Written by Ella Hickson, who brought us Oil and Eight, Hot Mess lives up to its name. Katrina Allen is slightly scary but precise and romantic as the endearingly obsessive Twitch, while Natalia Titcomb is loud and obnoxious as sexually promiscuous party-girl Jacks, and I couldn’t make out if I found her quite refreshing or just wholly unlikeable. Timothy Renouf is considerably quieter and much subtler than the rest of the cast, and seems to deliver would-be punchy lines with far less zeal – but perhaps this is a creative decision as he is supposed to, literally, have less heart and soul than your average 25-year-old.
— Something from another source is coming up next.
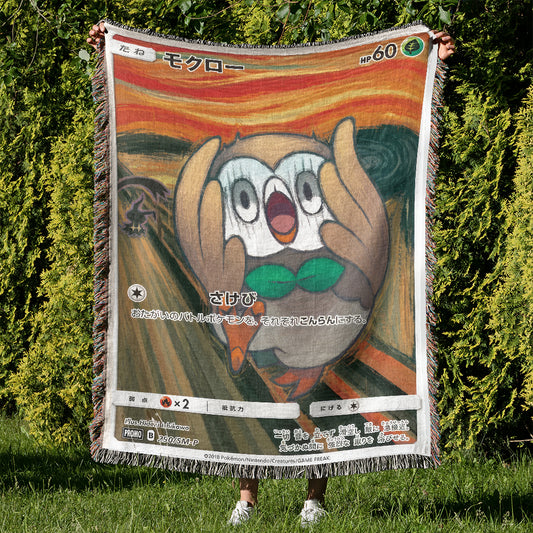 PKM Rowlet The Scream Custom Woven Blanket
While the writing had some lovely quaint, romantic observations regarding other people and everyday life, it was mostly a little bizarre. There is a horrid scene in which Jacks and Polo, in a nightclub, break the fourth wall and use the men of the audience as sort of cast members, pointing and laughing at them hysterically, accusing them of not being able to take their eyes off Jacks scantily clad body – and I can’t see what purpose the scene served other than to involve and slightly embarrass the audience.

While it is possible to see what Hot Mess is aiming for, I’m not sure it fully gets there. There are strange, very dark moments of an almost supernatural nature which aren’t presented with much clarity, and Twitch’s never-ending capacity to ‘love’ didn’t seem to stretch to her twin brother, who apparently disappeared for a year with little to no reaction from Twitch upon his return.

The play also seems to only concentrate on romantic or sexual love, rather than familial, despite acknowledging that a sibling relationship is ‘the longest you’ll ever have in your life’. A mixed bag, Hot Mess, is funny and contemporary in places, but still feels a little unrefined.

Hot Mess played at the Lion and Unicorn Theatre as part of the Camden Fringe.